意外な人物の登場に、思わず双子は戸惑い顔を見合わせる。
さらにその場には、全身に黒を纏う男がもう1人。
「やはり…件の噂は「本当」のようだな」
「ゼルコバさんまで!どうしてリトスに…いや、そもそもどうやって城の中へ!?」
「僕が2人を案内をしたんですよ」
2人と共に現れたのはルイだった。
「ル、ルイさん…」
「聖地を訪れる陽気な聖職者と影の暗殺者…あぁ、相反する異質な組み合わせに思わず胸がときめいてしまいました」
「ギャハハ!神竜様の元で暮らしてもルイは相変わらずみてーだな!ゼルコバとはたまたま鉢合わせただけだっつーの」
「全く心外だな…暗殺者としての「足」は洗った。今日は「報告」をしにアイビー様より「命令」を受け参った次第だ」
「俺もフォガート様から伝達を任されたんだ。えっーと、案内して貰った手前で悪いが、ルイは席を外してくれないか…?」
パンドロはちらりとルイに視線を送る。
「…話してください。大体の察しはついています」
ルイの言葉に、パンドロは意を決したかのような神妙な面持ちで話を続けた。
「…実は、ここ最近神竜様の信徒が激増してんだよ。いや、それだけならスゲーありがたいんだけど、中には盲信的なヤツらもいるみたいでさ…その…」
一呼吸を置き、パンドロは結論に至る。
「…神竜様とルイの仲を良く思わない連中がいる。ルイが元々平民だったっていうのが知れ渡ってんだ」
ルイは顔色を変えずに答える。
「やはりそうでしたか。先の手紙は…」
「ご、ごめんなさい!隠すつもりじゃ…」
「いえ、クランさんは謝らなくても良いんです。僕とリュール様を慮ってのことですから」
「俺も「似た」ようなことを「伝え」に来た」
ゼルコバも険しい顔つきを崩さぬまま、口火を切る。
「イルシオンには未だに「邪竜信徒」が多い。邪竜を倒された恨みを晴らすべく、神竜様の「暗殺」を企てているという「不穏」な動きが観測されている」
それを聞いたルイは目を開き、顔を顰める。
「それは許せませんね。
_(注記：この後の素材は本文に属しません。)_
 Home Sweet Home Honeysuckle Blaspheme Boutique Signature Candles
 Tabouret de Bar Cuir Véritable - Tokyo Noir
僕を狙う分には良いんですが、リュール様をとなると…」
「近々フルルの風車村の復興記念として式典があるらしいな。…なあ、今はリトスを離れない方が良いんじゃねーか?」
その提案に腕を組み考え込む守り人2人だったが、唐突に鶴の一声が降り注いだ。
「…それはできません」
その場の全員がハッとして振り返ると、そこにはリュールがいた。
「神竜様…!今の話、お聞きしていたのですか?」
「ええ、経緯は分かりました。でも、あの村は私たちの戦いに巻き込まれたようなもの。犠牲者となった村民たちの前に顔向けできないだなどど…そんなことはあってはなりません」
「ですが…!」
「…それに、今匿ってもまた同じようなことの繰り返しです」
「それは…そうですが……」
皆が推し黙る中、ルイが沈黙を破る。
「…貴女が向かうのであれば、僕もここに留まる訳にはいきません。どうかお近くで見守らせてください」
「ルイ…分かりました。でもどうかお互いにお気をつけましょう」
「ええ、勿論です」
様子を見守っていたパンドロたちがやれやれといった様子で前に出る。
「だったらしょうがねえな、俺たちも力になるぜ!」
「守り人の「数」は多い方が良いだろう。「賊」の顔も分かるやもしれん」
「2人とも…!ありがたい申し出に感謝いたします」
こうして、6人は神竜城の護衛と共にフィレネ王国のフルル村に赴くことになった。